In the district court, the Florida Bar had submitted a 106-page report containing "statistical and anecdotal" evidence supporting the contention that the public views direct-mail solicitations from lawyers soon after an accident as intrusive. This report included data from public opinion polls, editorials in various newspapers throughout the state, and excerpts from personal complaints from targets of the unwanted solicitations. "One citizen wrote, 'I consider the unsolicited contact from you [a Florida lawyer] after my child's accident to be of the rankest form of ambulance chasing and in incredibly poor taste. I cannot begin to express with my limited vocabulary the utter contempt in which I hold you and your kind.'" In light of this evidence, the Court concluded that Florida's blackout period on direct solicitation advanced its interest in protecting the public from unwanted intrusions. And although the Court had reasoned that the "short, regular journey from mail box to trash can" was an acceptable burden for citizens subjected to unwanted advertisements for contraceptive devices, solicitation by lawyers so soon after an accident was not. "The purpose of the 30-day targeted direct-mail ban is to forestall the outrage and irritation with the state-licensed legal profession that the practice of direct solicitation only days after accidents has engendered." In light of the "unrefuted empirical and anecdotal evidence" in the record documenting this phenomenon, the Court found no trouble with the second prong of the commercial speech analysis.

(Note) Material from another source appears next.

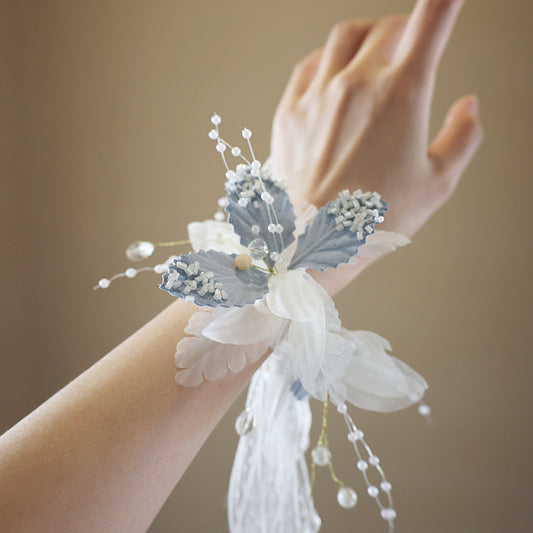 Dreamy Dusty Blue Wedding Wrist Corsage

Finally, the Court believed that the Bar's means of advancing its interest was acceptable. "The Bar's rule is reasonably well tailored to its stated objective of eliminating targeted mailings whose type and timing are a source of distress to Floridians, distress that has caused many of them to lose respect for the legal profession." Although Went For It had suggested that the Bar could have banned only solicitations to seriously injured citizens, the Court noted that the commercial speech test did not mandate that a state use the least restrictive means to implement its objective. Furthermore, the blackout period was brief, and there remained other ways for injured Floridians to learn about available legal services during that time. Lawyers may still advertise on television, on billboards, and in the yellow pages during the blackout period. "These ample alternative channels for receipt of information about the availability of legal representation during the 30-day period following accidents may explain why, despite the ample evidence, testimony, and commentary submitted by those favoring (as well as opposing) unrestricted direct-mail solicitation, respondents have not pointed to—and we have not independently found—a single example of an individual case in which immediate solicitation helped to avoid, or failure to solicit within 30 days brought about," a lack of access to legal services on the part of lesser educated or less sophisticated citizens. For all these reasons, the Court ruled that the First Amendment allowed Florida to impose this blackout period on direct-mail solicitation of accident victims by lawyers.